Re: [PATCH v2 1/3] tmpfs: zero post-eof uptodate folios on swapout

linux-mm.kvack.org archive mirror
 help / color / mirror / Atom feed

From: Baolin Wang <baolin.wang@linux.alibaba.com>
To: Brian Foster <bfoster@redhat.com>
Cc: linux-mm@kvack.org, Hugh Dickins <hughd@google.com>
Subject: Re: [PATCH v2 1/3] tmpfs: zero post-eof uptodate folios on swapout
Date: Wed, 19 Nov 2025 11:53:41 +0800	[thread overview]
Message-ID: <9e696091-9c40-46cf-91b9-c95e1d38a1a8@linux.alibaba.com> (raw)
In-Reply-To: <aRyFOsUk--AtbEGM@bfoster>



On 2025/11/18 22:39, Brian Foster wrote:
> On Tue, Nov 18, 2025 at 10:33:44AM +0800, Baolin Wang wrote:
>>
>>
>> On 2025/11/13 00:25, Brian Foster wrote:
>>> As a first step to facilitate efficient post-eof zeroing in tmpfs,
>>> zero post-eof uptodate folios at swap out time. This ensures that
>>> post-eof ranges are zeroed "on disk" (i.e. analogous to traditional
>>> pagecache writeback) and facilitates zeroing on file size changes by
>>> allowing it to not have to swap in.
>>>
>>> Note that shmem_writeout() already zeroes !uptodate folios so this
>>> introduces some duplicate logic.
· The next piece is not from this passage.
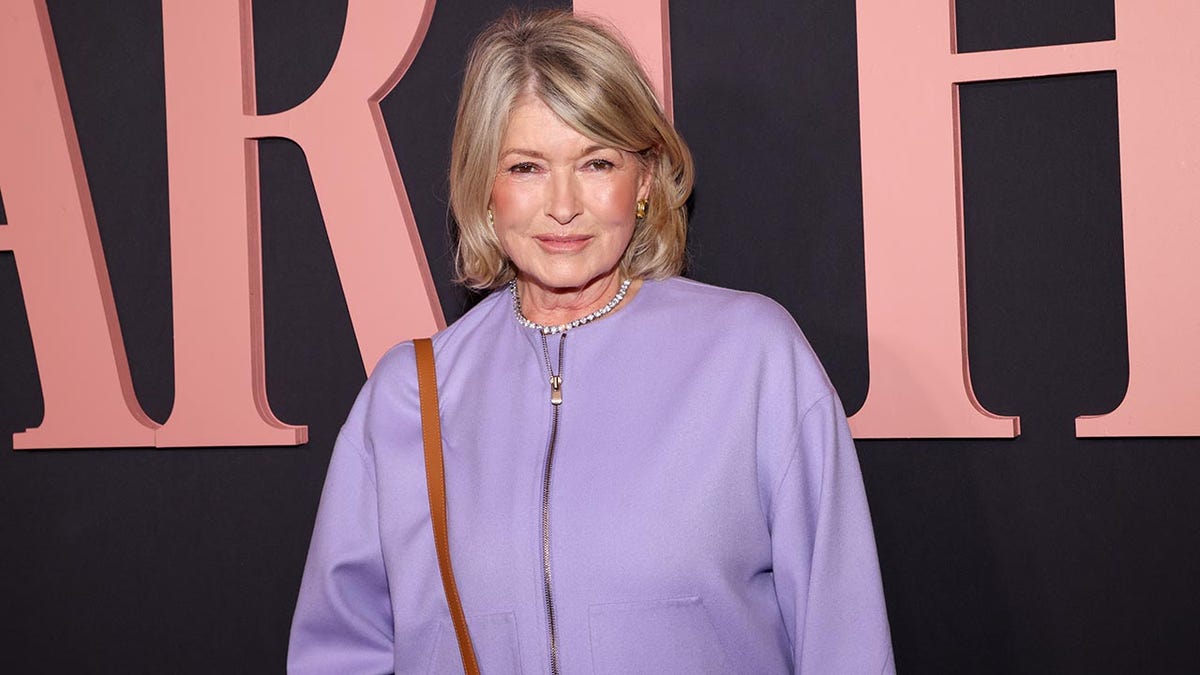 Martha Stewart successful  a lavender overgarment   brushed  smiles connected  the carpet astatine  her documentary premiere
We'll clean this up in the next
>>> patch.
>>>
>>> Signed-off-by: Brian Foster <bfoster@redhat.com>
>>> ---
>>>    mm/shmem.c | 19 +++++++++++++++++--
>>>    1 file changed, 17 insertions(+), 2 deletions(-)
>>>
>>> diff --git a/mm/shmem.c b/mm/shmem.c
>>> index 0a25ee095b86..5fb3c911894f 100644
>>> --- a/mm/shmem.c
>>> +++ b/mm/shmem.c
>>> @@ -1577,6 +1577,8 @@ int shmem_writeout(struct folio *folio, struct swap_iocb **plug,
>>>    	struct inode *inode = mapping->host;
>>>    	struct shmem_inode_info *info = SHMEM_I(inode);
>>>    	struct shmem_sb_info *sbinfo = SHMEM_SB(inode->i_sb);
>>> +	loff_t i_size = i_size_read(inode);
>>> +	pgoff_t end_index = DIV_ROUND_UP(i_size, PAGE_SIZE);
>>>    	pgoff_t index;
>>>    	int nr_pages;
>>>    	bool split = false;
>>> @@ -1596,8 +1598,7 @@ int shmem_writeout(struct folio *folio, struct swap_iocb **plug,
>>>    	 * (unless fallocate has been used to preallocate beyond EOF).
>>>    	 */
>>>    	if (folio_test_large(folio)) {
>>> -		index = shmem_fallocend(inode,
>>> -			DIV_ROUND_UP(i_size_read(inode), PAGE_SIZE));
>>> +		index = shmem_fallocend(inode, end_index);
>>>    		if ((index > folio->index && index < folio_next_index(folio)) ||
>>>    		    !IS_ENABLED(CONFIG_THP_SWAP))
>>>    			split = true;
>>> @@ -1647,6 +1648,20 @@ int shmem_writeout(struct folio *folio, struct swap_iocb **plug,
>>>    		folio_mark_uptodate(folio);
>>>    	}
>>> +	/*
>>> +	 * Ranges beyond EOF must be zeroed at writeout time. This mirrors
>>> +	 * traditional writeback behavior and facilitates zeroing on file size
>>> +	 * changes without having to swap back in.
>>> +	 */
>>> +	if (folio_next_index(folio) >= end_index) {
>>> +		size_t from = offset_in_folio(folio, i_size);
>>> +
>>> +		if (index >= end_index) {
>>> +			folio_zero_segment(folio, 0, folio_size(folio));
>>> +		} else if (from)
>>> +			folio_zero_segment(folio, from, folio_size(folio));
>>> +	}
>>
>> As I mentioned before[1], if a large folio is beyond EOF, it will be split
>> in shmem_writeout(), and those small folios beyond EOF will be dropped and
>> freed in __folio_split(). Of course, there's another special case as Hugh
>> mentioned: when there's a 'fallocend' beyond i_size (e.g., fallocate()), it
>> will keep the pages allocated beyond EOF after the split. However, your
>> 'end_index' here does not consider 'fallocend,' so it seems to me that this
>> portion of the code doesn't actually take effect.
>>
> 
> Hi Boalin,

s/Boalin/Baolin :)

> 
> So I get that split post-eof folios can fall off depending on fallocate
> status. I'm not sure what you mean by considering fallocend, however.
> ISTM that fallocend contributes to the boundary where we decide to split
> and/or preserve, but i_size is what is relevant for zeroing. It's not
> clear to me if you're suggesting the logic is potentially spurious, or
> this might not actually be zeroing correctly due to falloc interactions.
> Can you clarify the concern please? Thanks.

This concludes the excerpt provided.